Texas Shouldn’t - but JUST DID - Execute a Mexican National
let’s face it, border state have an extra responsibility to work closely with DC, State Dept., and the neighbor at hand. For Texas of course thats Mexico, and Texas just really complicated efforts to get Mexico to extradite criminals to here.
Yesterday, at 9:32 p.m., the state of Texas executed Edgar Arias Tamayo, a 46-year-old Mexican national. Injecting lethal drugs into Mr. Tamayo’s bloodstream was a clear violation of the United States’ international obligations, and yet the state of Texas wasn’t deterred.
What’s going on here? The short answer: a deadly combination of a blood-thirsty state and a stalled Congress.
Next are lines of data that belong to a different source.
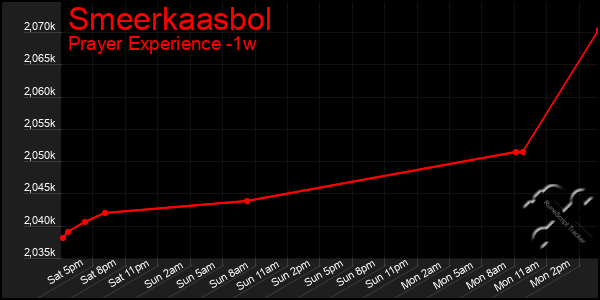 Last 7 Days Graph of Smeerkaasbol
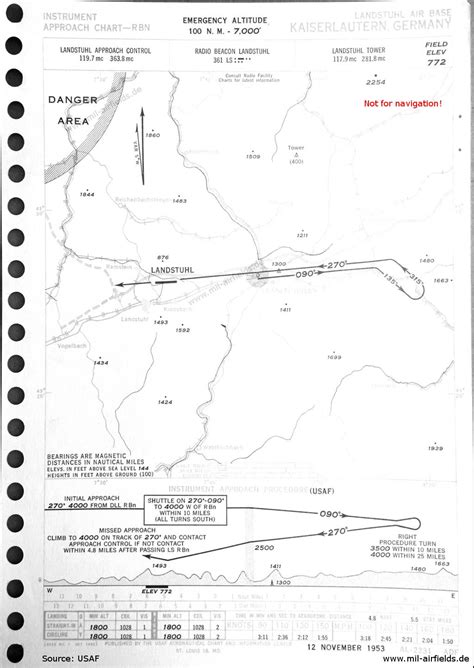 Ramstein Air Base Map With Building Numbers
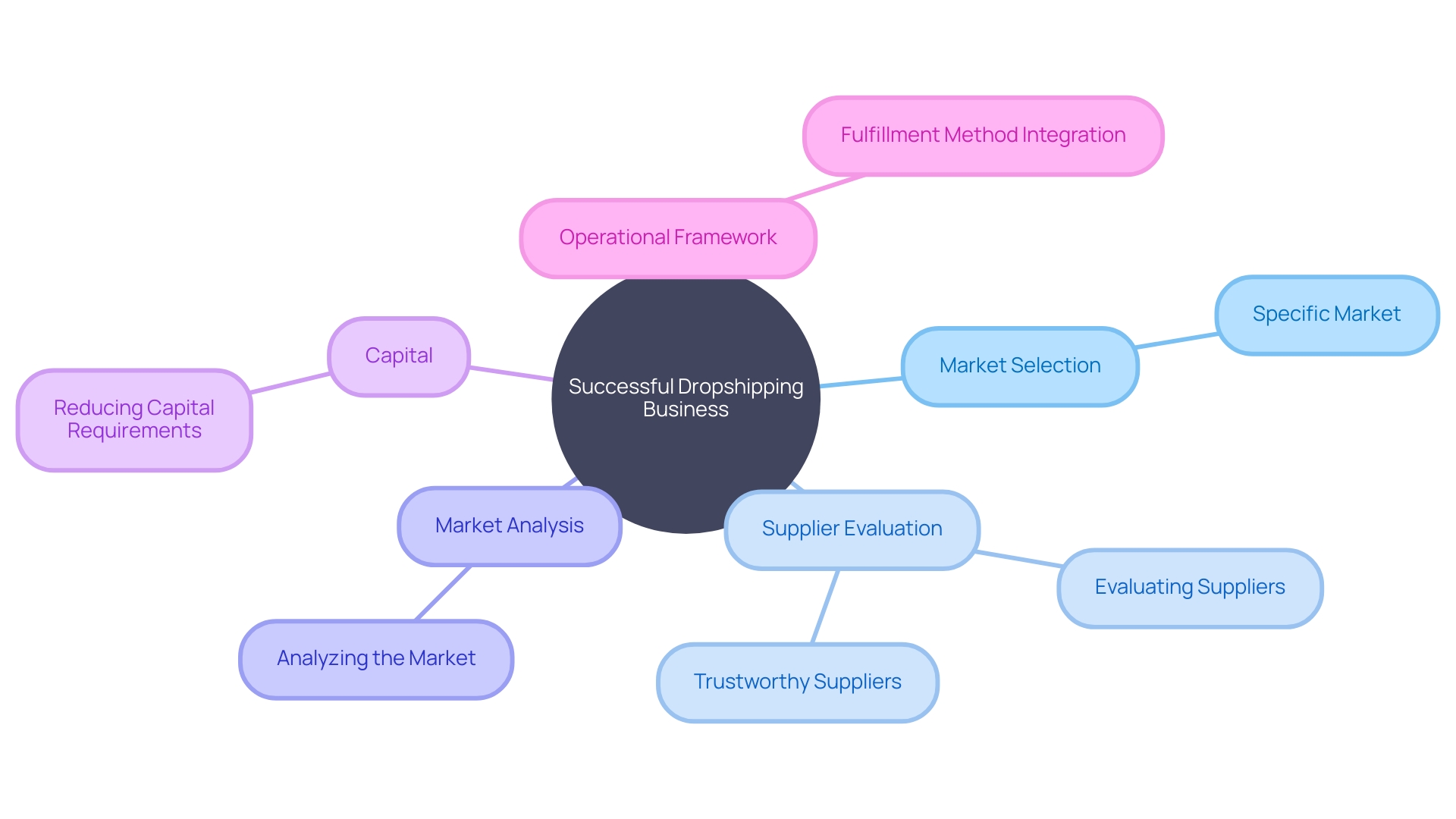 Factors to Consider for a Successful Dropshipping Business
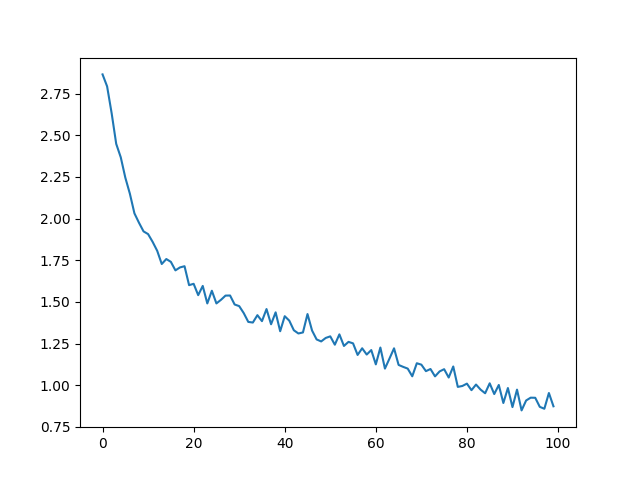 char rnn classification tutorial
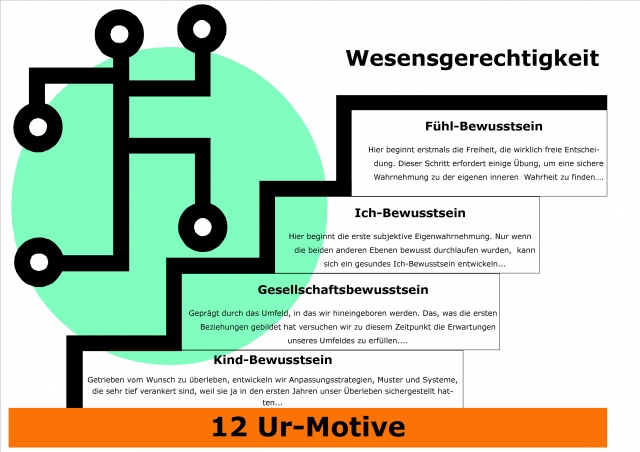 Deutsche-Politik-News.de | Kiening Metaconsulting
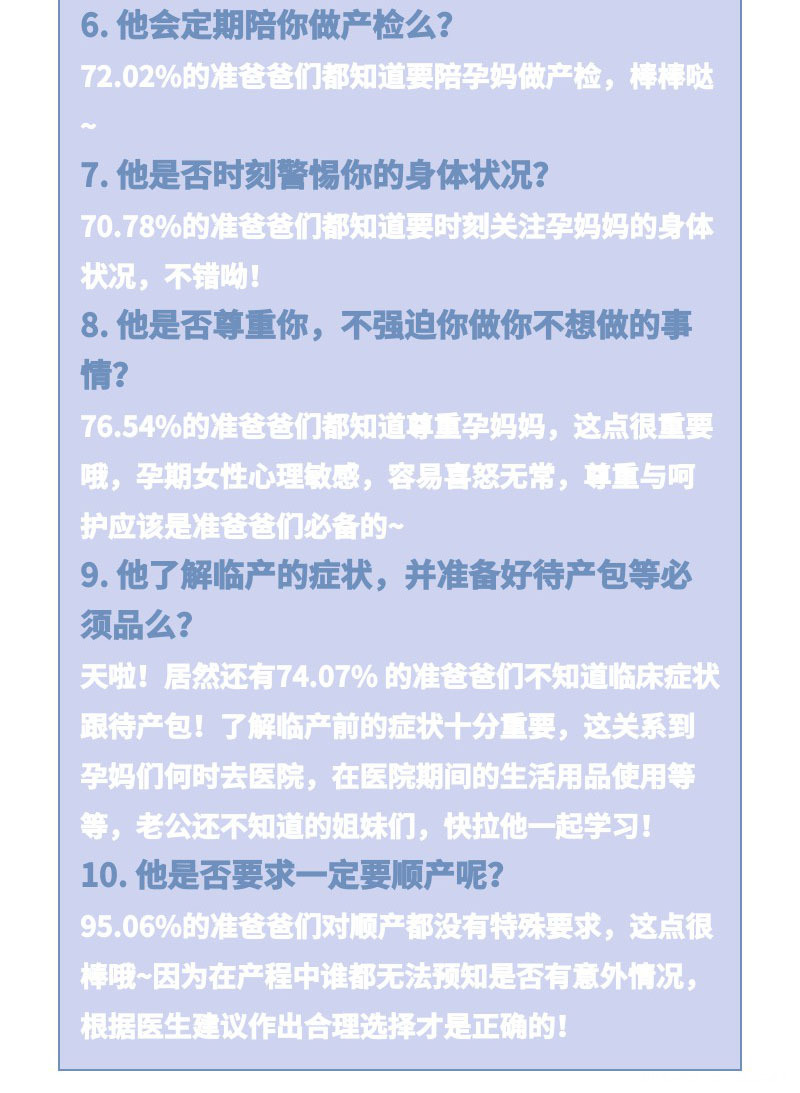 孕期调查全面反馈:完美老公在谁家?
Let’s start with the state. Texas’ death penalty system is notorious. Despite well-founded concerns about innocent people ending up on death row, racial bias, inadequate assistance of counsel, and a whole host of other problems, Texas has put 509 people to death in the last three decades. These executions continue despite the fact that six other states have repealed the death penalty in the last six years (and three other states - Delaware, Nebraska, and Colorado - have come close). Texas remains one of the reasons that the U.S. is an outlier among democratic nations, ranking 5th in the world in the number of executions, after China, Iran, Iraq, and Saudi Arabia.